Performance engineering

  • Two talks discussed best practices for performance engineering: To reliably capture performance regressions, benchmarks should be repeatable and representative, and setting them up for this requires some thought. Challenges include isolating the benchmark environments and avoiding too many false positives.
  • The first outlined a statistical testing approach to increase the signal-to-noise ratio, and to decide when to reject the null hypothesis of no performance regression. Further, running benchmarks in the cloud poses challenges, and they recommend avoiding virtualized environments. The slides of the talk are here .
  • The second focused on change point detection. I also liked the idea of using canaries to track the performance of the benchmark infrastructure itself—you want to know when the problem is with the infrastructure and when it is with your software.
  • Both argued for continuous performance monitoring and presented some tools for this. nyrkio provides CI runners for change point detection; the runners are not free but according to the provider, they are of better quality than other runners (such as the github-action-benchmark ). hyperfine is a command-line benchmarking tool.

Performance monitoring of deep learning workloads on HPC

Two talks addressed performance monitoring for deep learning workloads on HPC systems.

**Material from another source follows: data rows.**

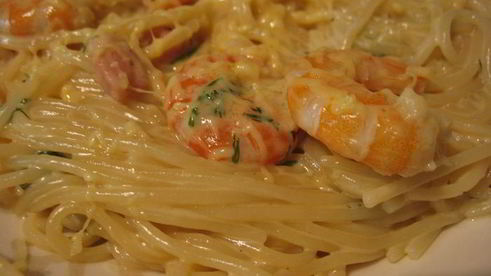 паста карбонара с креветками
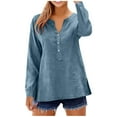 thumbnail image 1 of Mceream Cotton Linen Shirts for Women 2026 Trendy V Neck Button Long Sleeve Gauze Tunic Tops Side Slit Hem Work T Shirts Boho Loose Fit Blouse Plus Size Clothes Blusas De Lino Para Mujer Navy S, 1 of 9
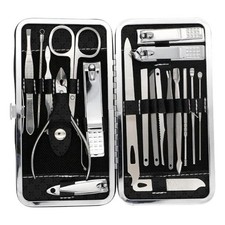 19-in-1 Stainless Steel Manicure Set   Nail Clippers Kit with Leather Travel Cas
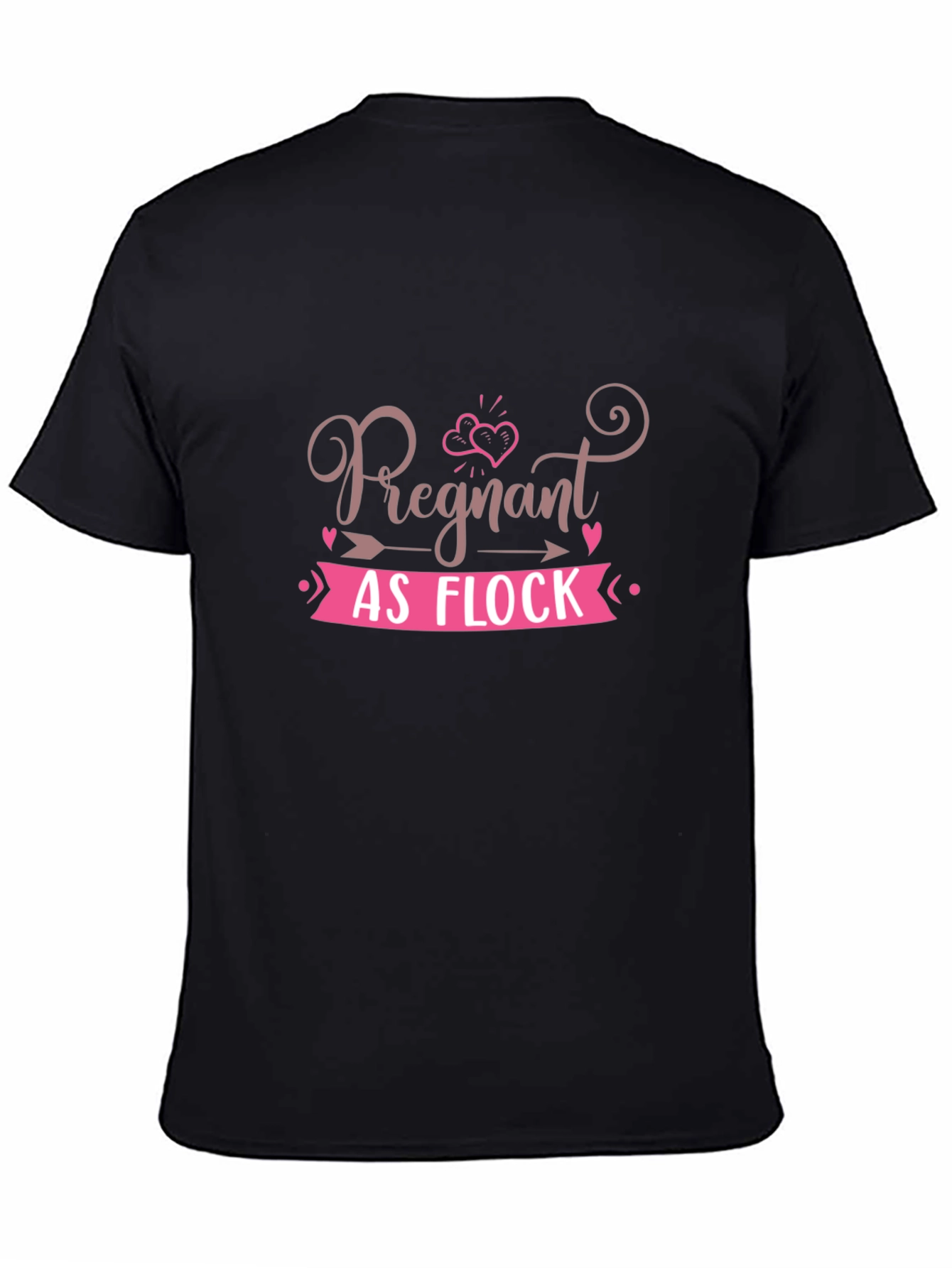 Black Pregnant as Flock T-Shirt, Funny Pregnancy Tee view 4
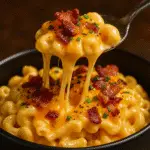 Air fryer bacon mac and cheese being served with cheese stretching from spoon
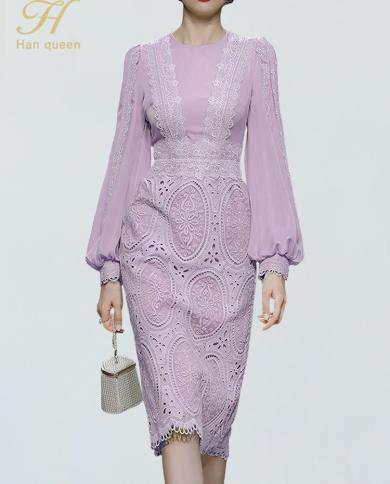 H Han Queen Autumn Elegant Fashion O Neck Vintage Pencil Dress Womens Simple Bodycon Lace Dresses Casual Party Office Ve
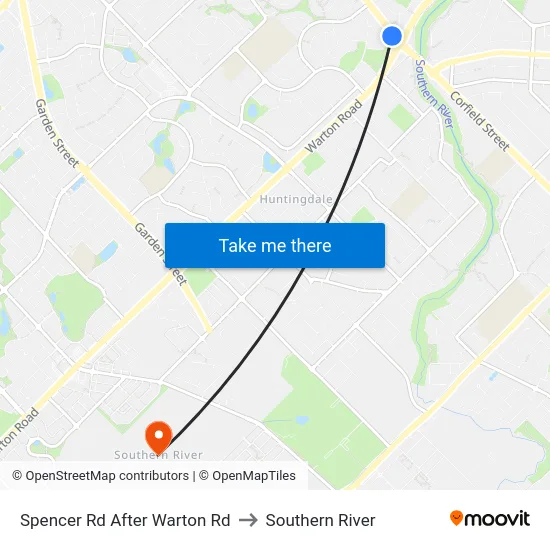 Spencer Rd After Warton Rd to Southern River map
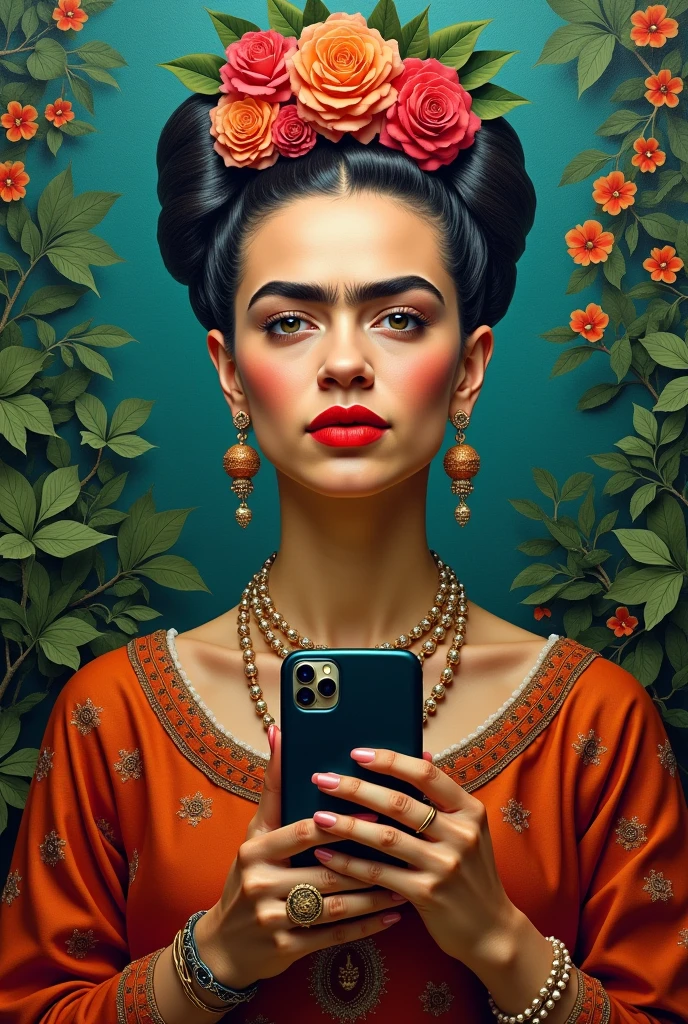 Frida Caló with a cell phone 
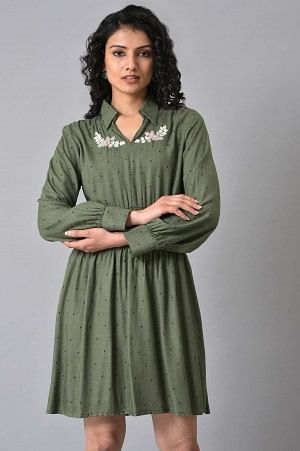 Buy Olive Green Hand Embroidered Short Dress Online for Woman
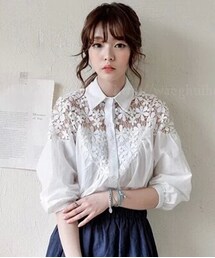 moley | 蕾絲燒花襯衫(シャツ/ブラウス)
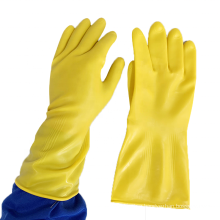 PVC full immersion latex glove industrial rubber yellow safety hand gloves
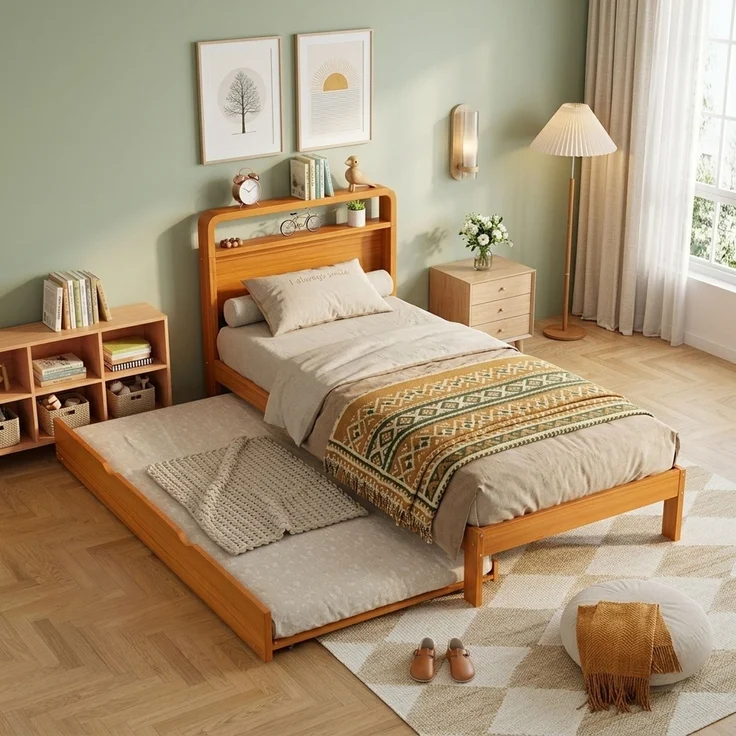 CHICFURN Ausziehbett Holz Natur 90x200 cm mit Gästebett 90x190 cm, links/rechts montierbar – Bild 2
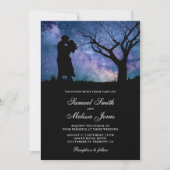 Blue Galaxy Romantic Couple Silhouette Wedding Kaart (Voorkant)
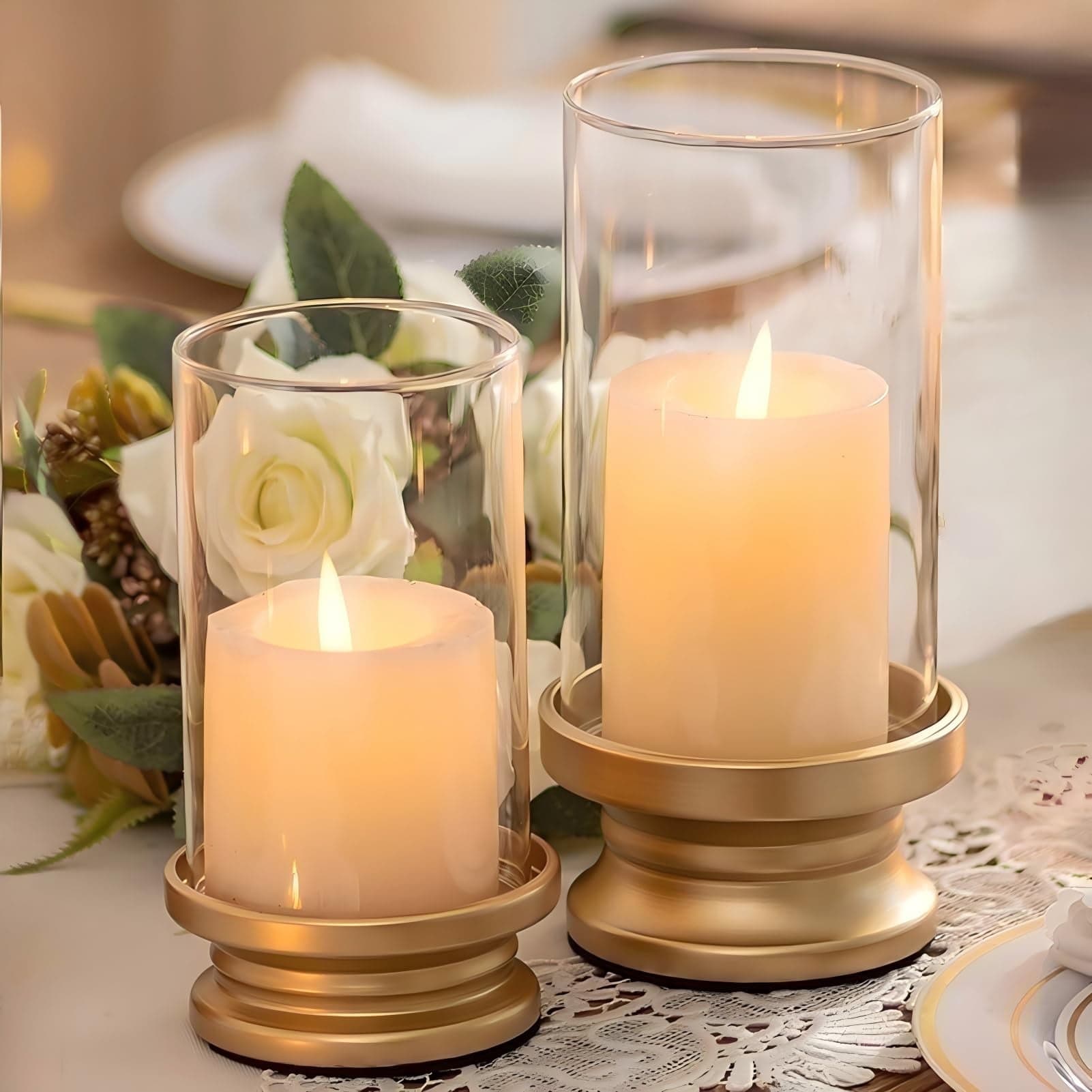 Nuptio Decorative Metal Gold Hurricane Glass Candle Holders for Pillar ...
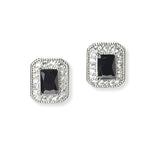 102951, GEOMETRIC CUBIC ZIRCONIA DESIGNER INSPIRED STUD EARRING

  • The first highlighted the shortcomings of nvidia-smi compared to dcgmi. In short, the former only tells us whether the GPUs are busy, but not how efficiently they are being used (tensor cores, streaming multiprocessors, DRAM). One example was that using 32-bit and 16-bit precision on a H100 shows the same utilization on nvidia-smi, even though FP32 is less efficient because H100s do not support tensor core computations with this precision.
  • The talk suggested that running dcgmi incurs no overhead because it is reading data that is already being tracked. I found useful docs from SURF here , and they are more cautious, mentioning that dcgmi may slightly slow down your code. I guess one has to test and see it for themselves. The NVIDIA docs for dcgmi are here
  • The second presented presented an open-source observability dashboard for deep learning on HPC. It covers hardware, workload, and model health (such as gradient tracking). The tool was just released during the conference. I’m curious to see how it evolves and how it compares to other tools.